╭─ Data
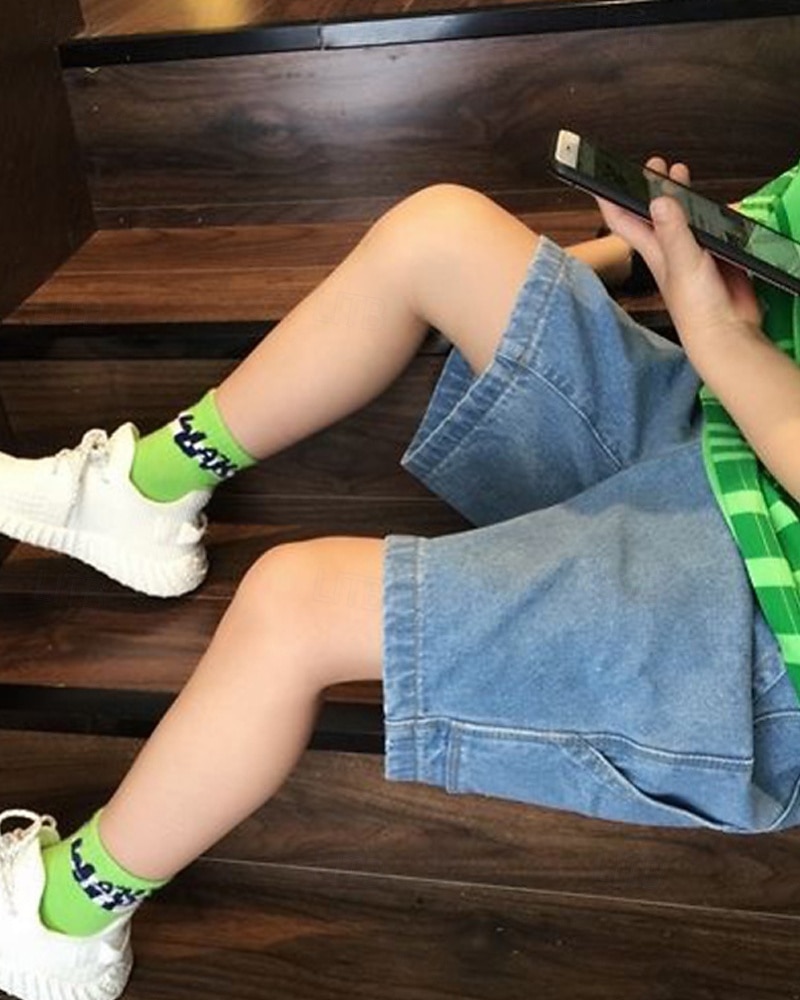 Kids Boys Shorts Solid Color Breathable Soft Comfort Shorts School Cool Basic Black Blue Mid Waist 2026 - $16.49 –P8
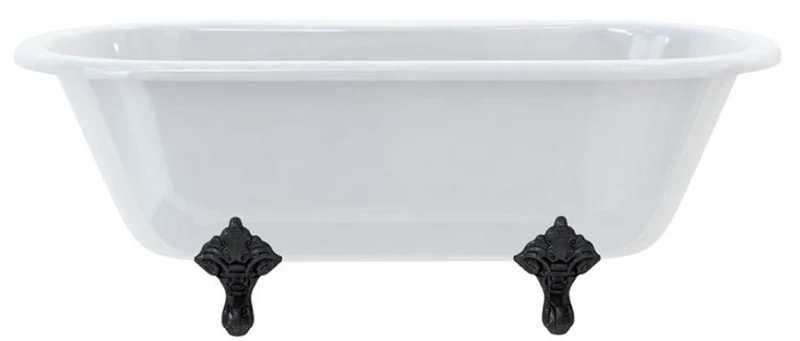 Casa Padrino Luxus Jugendstil Badewanne Weiß / Schwarz 169 x 74,5 x H. 62 cm - Freistehende Retro Acryl Badewanne - Retro Badezimmer Möbel
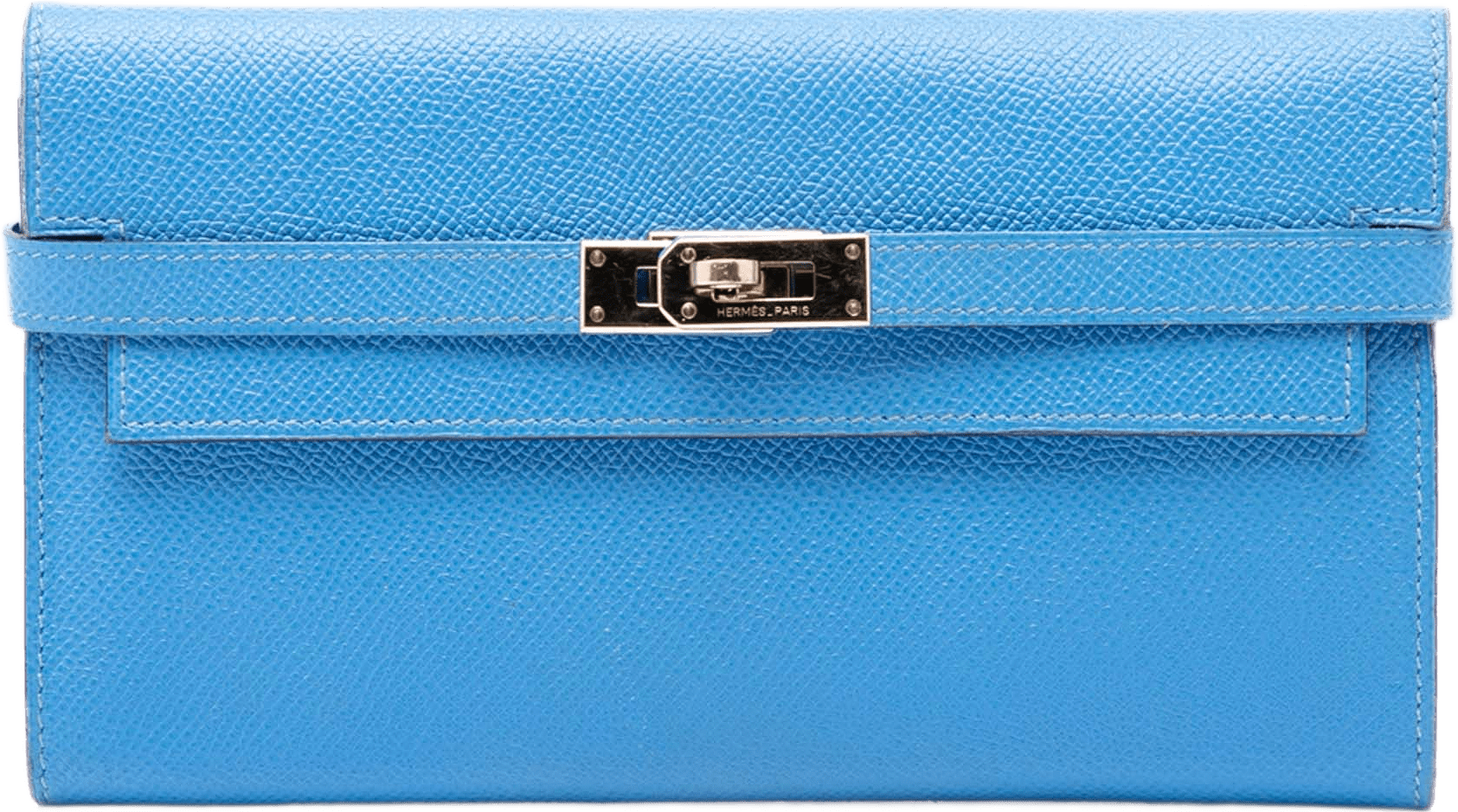 Hermès Epsom Kelly Longue Wallet, från Luxclusif, i färgen blå.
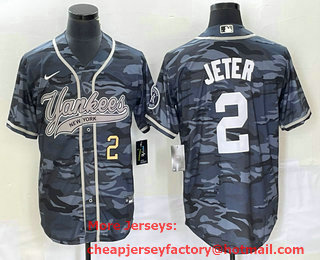 Men's New York Yankees #2 Derek Jeter Number Grey Camo Cool Base With Patch Stitched Baseball Jersey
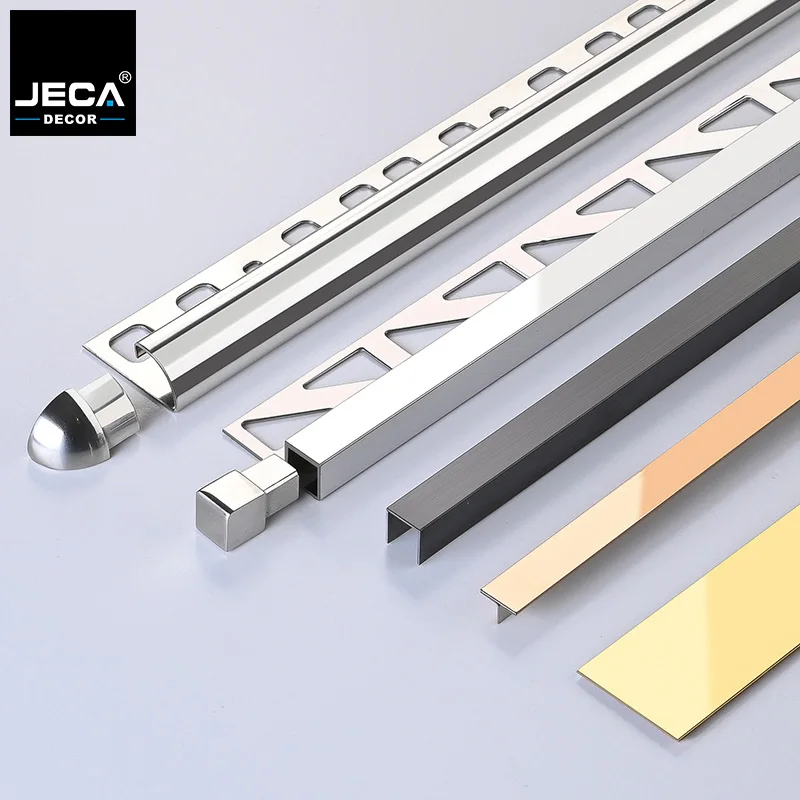 JECA Trim Strip for Metal Stainless Steel 304 Ceramic Tile Profiles Provided Wall and Ceiling Decoration Tile Accessories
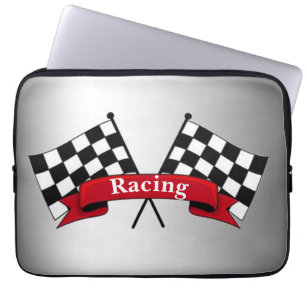 Weißes schwarzes Racing Fahnen Silver Laptop Sieb Laptopschutzhülle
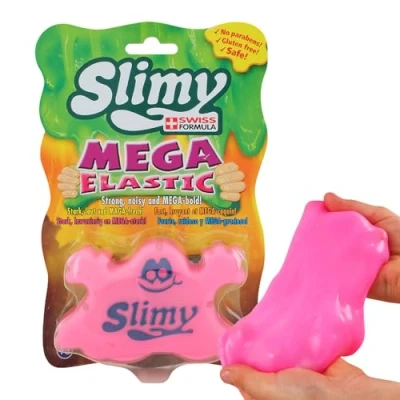 Afbeelding van Slimy Mega Elastic 150 g, originele boetseerklei voor kinderen, met super rekbaar slijm in doos, speelgoed vanaf 3 jaar, kleur: roze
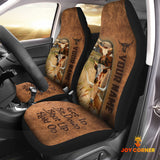 Joycorners Texas Longhorn Happiness Personalized Name Leather Pattern Car Seat Covers Universal Fit (2Pcs)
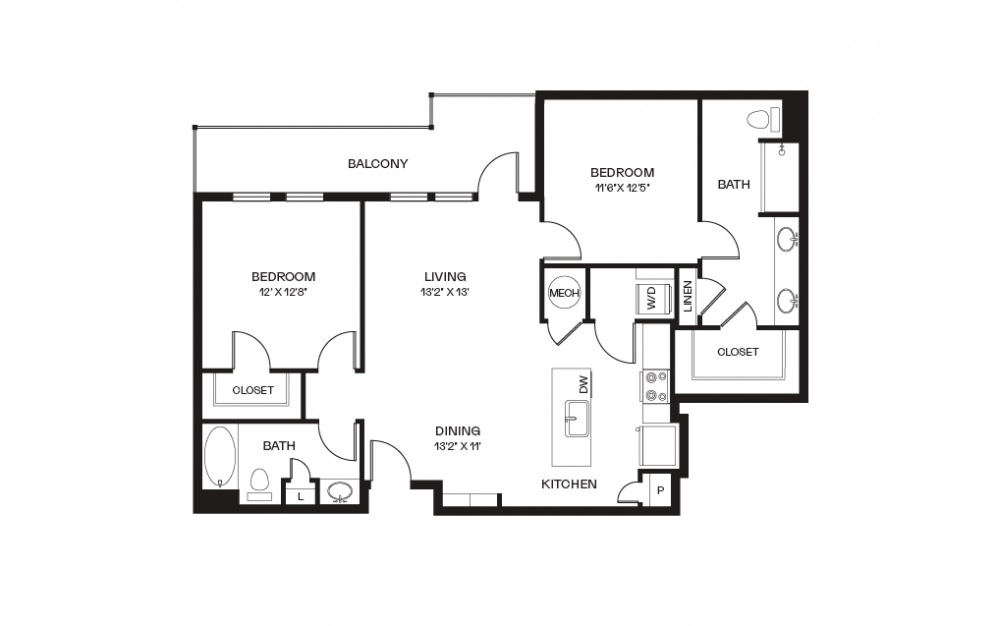 Maestro - 2 bedroom floorplan layout with 2 baths and 1323 square feet.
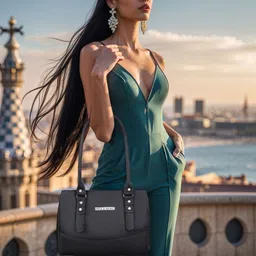 HIDLE BERG Structured Shoulder Bag with Quilted image 4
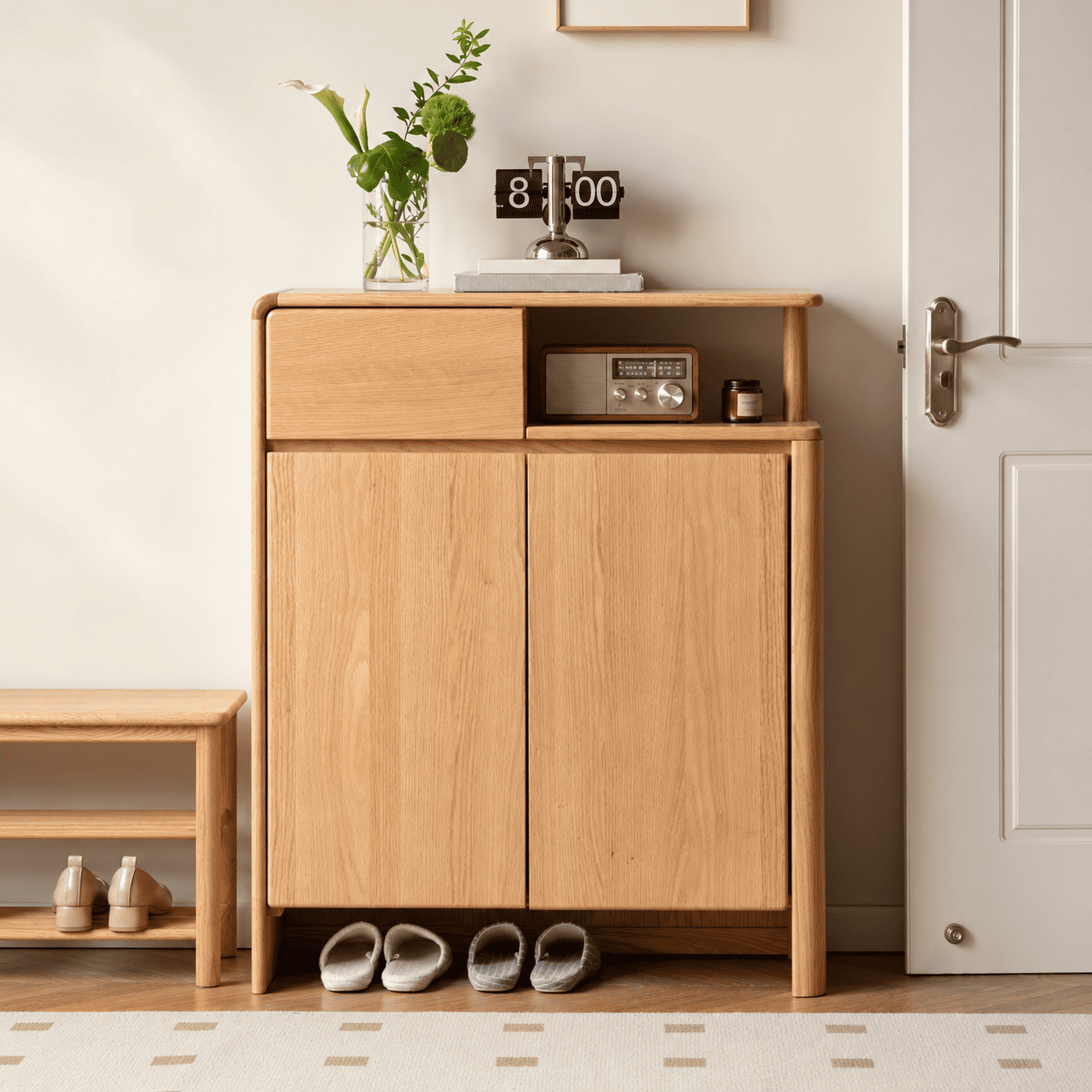 Conroe Natural Solid Oak Shoe Cabinet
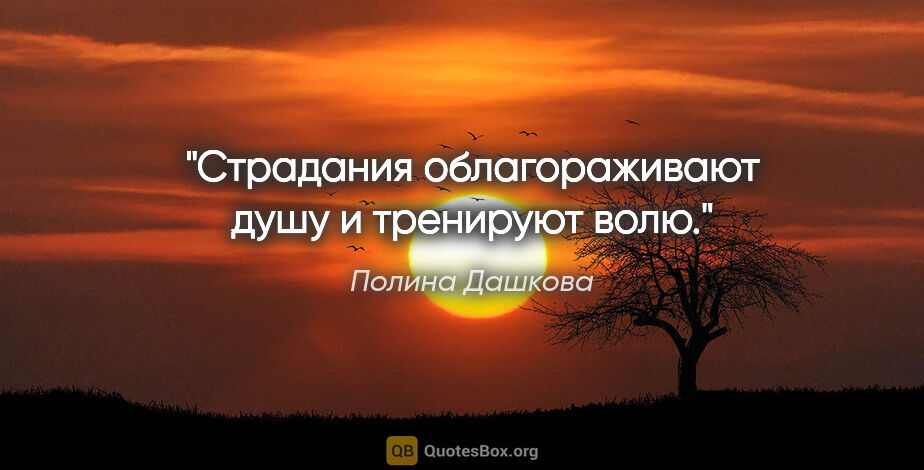 Полина Дашкова цитата: "Страдания облагораживают душу и тренируют волю."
╰─
▶ [Exercise objective]: The records above are to be duplicated exactly, pictures left out.

▶ [Solution for this exercise]:
 Kids Boys Shorts Solid Color Breathable Soft Comfort Shorts School Cool Basic Black Blue Mid Waist 2026 - $16.49 –P8
 Casa Padrino Luxus Jugendstil Badewanne Weiß / Schwarz 169 x 74,5 x H. 62 cm - Freistehende Retro Acryl Badewanne - Retro Badezimmer Möbel
 Hermès Epsom Kelly Longue Wallet, från Luxclusif, i färgen blå.
 Men's New York Yankees #2 Derek Jeter Number Grey Camo Cool Base With Patch Stitched Baseball Jersey
 JECA Trim Strip for Metal Stainless Steel 304 Ceramic Tile Profiles Provided Wall and Ceiling Decoration Tile Accessories
 Weißes schwarzes Racing Fahnen Silver Laptop Sieb Laptopschutzhülle
 Afbeelding van Slimy Mega Elastic 150 g, originele boetseerklei voor kinderen, met super rekbaar slijm in doos, speelgoed vanaf 3 jaar, kleur: roze
 Joycorners Texas Longhorn Happiness Personalized Name Leather Pattern Car Seat Covers Universal Fit (2Pcs)
 Maestro - 2 bedroom floorplan layout with 2 baths and 1323 square feet.
 HIDLE BERG Structured Shoulder Bag with Quilted image 4
 Conroe Natural Solid Oak Shoe Cabinet
 Полина Дашкова цитата: "Страдания облагораживают душу и тренируют волю."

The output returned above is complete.